Der Unabhängige Verwaltungssenat des Landes Oberösterreich hat durch seine 5. Kammer (Vorsitzende: Mag. Michaela Bismaier, Berichterin: Dr. Andrea Panny, Besitzer: Mag. Thomas Kühberger) über die Berufung der Frau x,  vertreten durch x,  gegen das Straferkenntnis des Bürgermeisters der Stadt Wels vom 18. September 2012, GZ: BZ-Pol-77041-2012, wegen Verwaltungsübertretung nach dem Allgemeinen Sozialversicherungsgesetz (ASVG), nach Durchführung einer öffentlichen mündlichen Berufungsverhandlung am 27. Februar 2013 zu Recht erkannt:

 

 

I.         Der Berufung wird insofern Folge gegeben, als die verhängte Geldstrafe auf 2.180 Euro und die Ersatzfreiheitsstrafe auf 146 Stunden herabgesetzt wird.
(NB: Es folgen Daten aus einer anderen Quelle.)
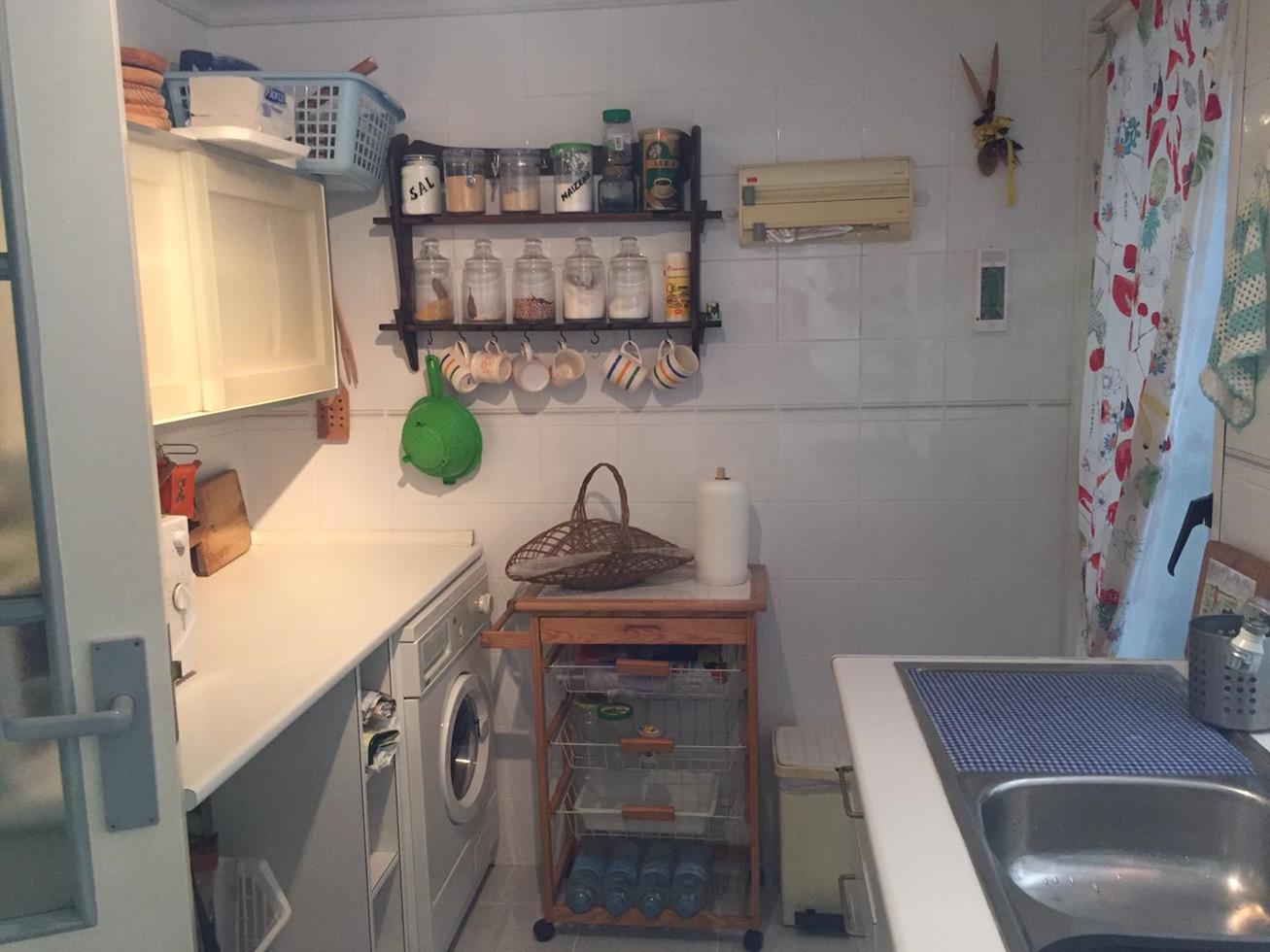 Petit Appartement en vente à Torrevieja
Im Übrigen wird der Berufung keine Folge gegeben und das angefochtene Straferkenntnis bestätigt.

 

II.        Der Kostenbeitrag der Berufungswerberin zum Verfahren vor der belangten Behörde verringert sich auf 218 Euro. Zum Verfahren vor dem Unabhängigen Verwaltungssenat ist kein Kostenbeitrag zu leisten.

 

Rechtsgrundlagen:

Zu  I.:  § 66 Abs.4 Allgemeines Verwaltungsverfahrensgesetz 1991 (AVG), BGBl. Nr. 51/1991 idgF iVm §§ 19, 24 und 51 Verwaltungsstrafgesetz 1991 (VStG), BGBl. Nr. 52/1991 idgF.

Zu II.:  §§ 64, 65 VStG.

Entscheidungsgründe:

 

1. Mit Straferkenntnis des Bürgermeisters der Stadt Wels vom 18. September 2012, GZ: BZ-Pol-77041-2012, wurde über die Berufungswerberin (in der Folge: Bw) wegen Verwaltungsübertretung nach § 33 Abs.1 und Abs.1a iVm § 111 ASVG eine Geldstrafe in Höhe von 2.500 Euro, für den Fall der Uneinbringlichkeit eine Ersatzfreiheitsstrafe von 168 Stunden verhängt. Gleichzeitig wurde ein Verfahrenskostenbeitrag in Höhe von 250 Euro vorgeschrieben.

 

Dem Straferkenntnis liegt folgender Tatvorwurf zugrunde:

 

"Sie haben als Gewerbeinhaberin (Güterbeförderung mit Kraftfahrzeugen oder Kraftfahrzeugen mit Anhängern, wenn das höchste zulässige Gesamtgewicht insgesamt 3500 kg nicht übersteigt) und Betreiberin der Firma x in x (Standort der Gewerbeberechtigung), welche für die Erfüllung der sozialversicherungsrechtlichen Meldepflicht keinen Bevollmächtigten bestellt hat, folgende Verwaltungsübertretung zu verantworten:

 

Die oa. Firma hat als Dienstgeber im Sinne des § 35 Abs.1 ASVG, am 20.02.2012, Herrn x, geb. x als Dienstnehmer, in persönlicher und wirtschaftlicher Abhängigkeit gegen Entgelt (§ 49 ASVG kollektivvertragliche Entlohnung) beschäftigt.

 

Für die Behörde war im vorliegenden Fall von einem Arbeitsverhältnis in persönlicher und wirtschaftlicher Abhängigkeit gegen Entgelt auszugehen, da Unentgeltlichkeit nicht ausdrücklich vereinbart wurde und somit ein angemessenes Entgelt gem. § 1152 ABGB als bedungen gilt.

 

Der in Rede stehende Beschäftigte war der Firma organisatorisch sowie hinsichtlich des Arbeitsortes und der Arbeitszeit maßgeblich unterworfen. Auch bestand eine persönliche Arbeitsverpflichtung und Weisungsgebundenheit. Die Höhe des Entgelts lag über der Geringfügigkeitsgrenze des § 5 Abs.2 ASVG.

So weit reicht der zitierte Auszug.